Here is how you refresh a node module (remove it from the cache) so that it will be required fresh from the file system on the next call to require.

Use require.resolve to get ahold of the absolute path for the module loaded by require. For example, let's say you required your module like this:

var settings = require('./settings.js');

Then you can delete that module from the require cache like this:

// Use require.resolve to get the full path of the module.
var modulePath = require.resolve('./settings.js');
// The full path is the key of the cached module on require.cache.
delete require.cache[modulePath];

Now your module is removed from the cache. Keep in mind that if the module you required also required other modules itself, they will still be cached.
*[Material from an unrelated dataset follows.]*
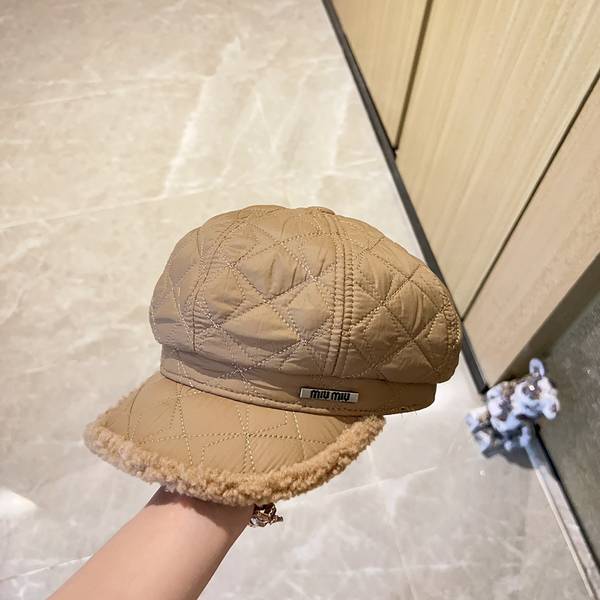 Miu Miu Hat MUH00110 Miu Miu Hat MUH00110
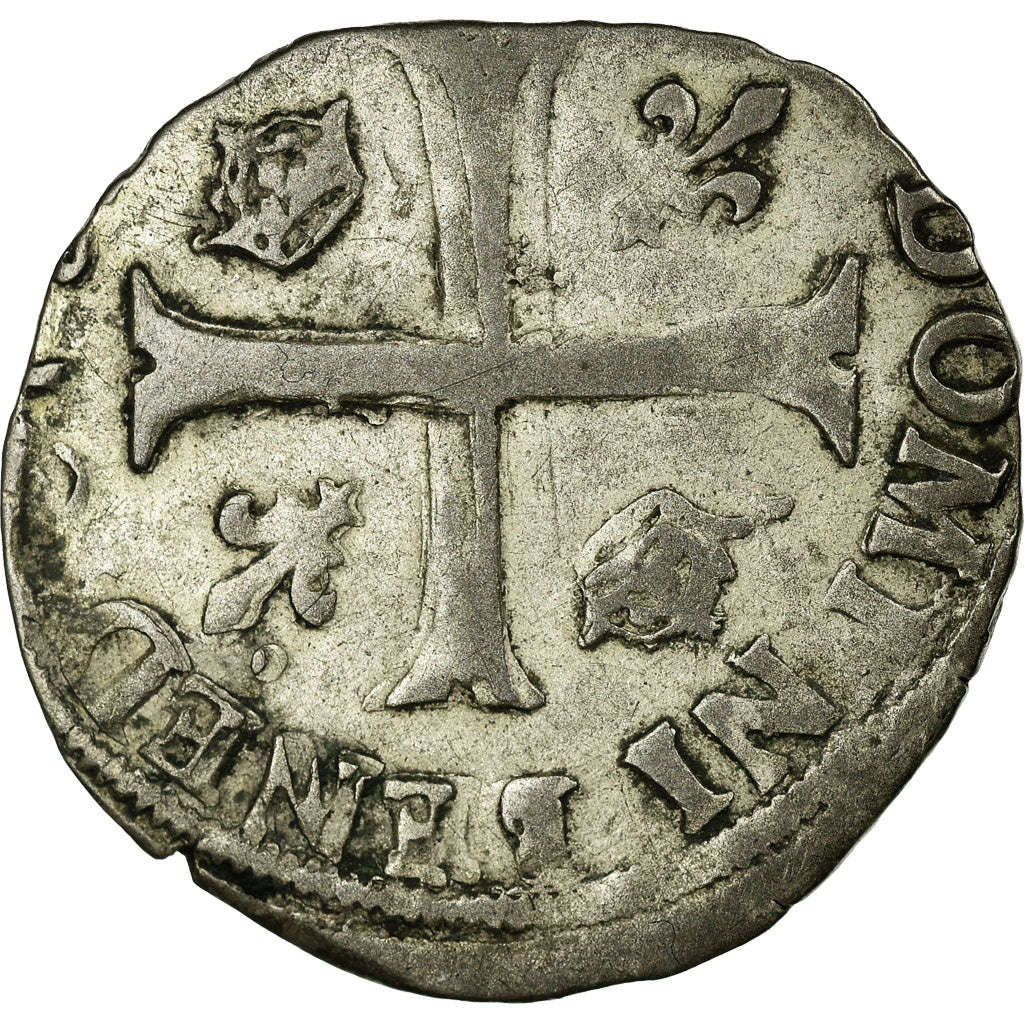 Coin, France, Douzain, 1574, Paris, VF(30-35), Billon, Sombart:4390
Here's what the cache looks like when I require a custom module I wrote that doesn't require any other modules.

Here's what the cache looks like after simply requiring the bluebird module from npm:

As you can see, just requiring bluebird loaded in a bunch of modules to the cache. This isn't a problem in many cases, but it might be if the behavior you were trying to reset is actually deeper in the dependency tree, then re-requiring bluebird fresh might re-run the code for bluebird, but when bluebird requires any of those other modules again, they will be returned from the module cache.

If you need to wipe out a dependency and its entire tree, iterate over the cache and use a regular expression.

Object.keys(require.cache).forEach(function (key) {
  if (key.test(/.*\/projectName\/node\_modules\/moduleName\/.*$/)) {
    delete require.cache[key];
  }
});

That looks in the require cache for any modules in your project's node_modules directory under the module you're trying to uncache. In the above example it would remove the bluebird module from the cache as well as any other modules cached under bluebird.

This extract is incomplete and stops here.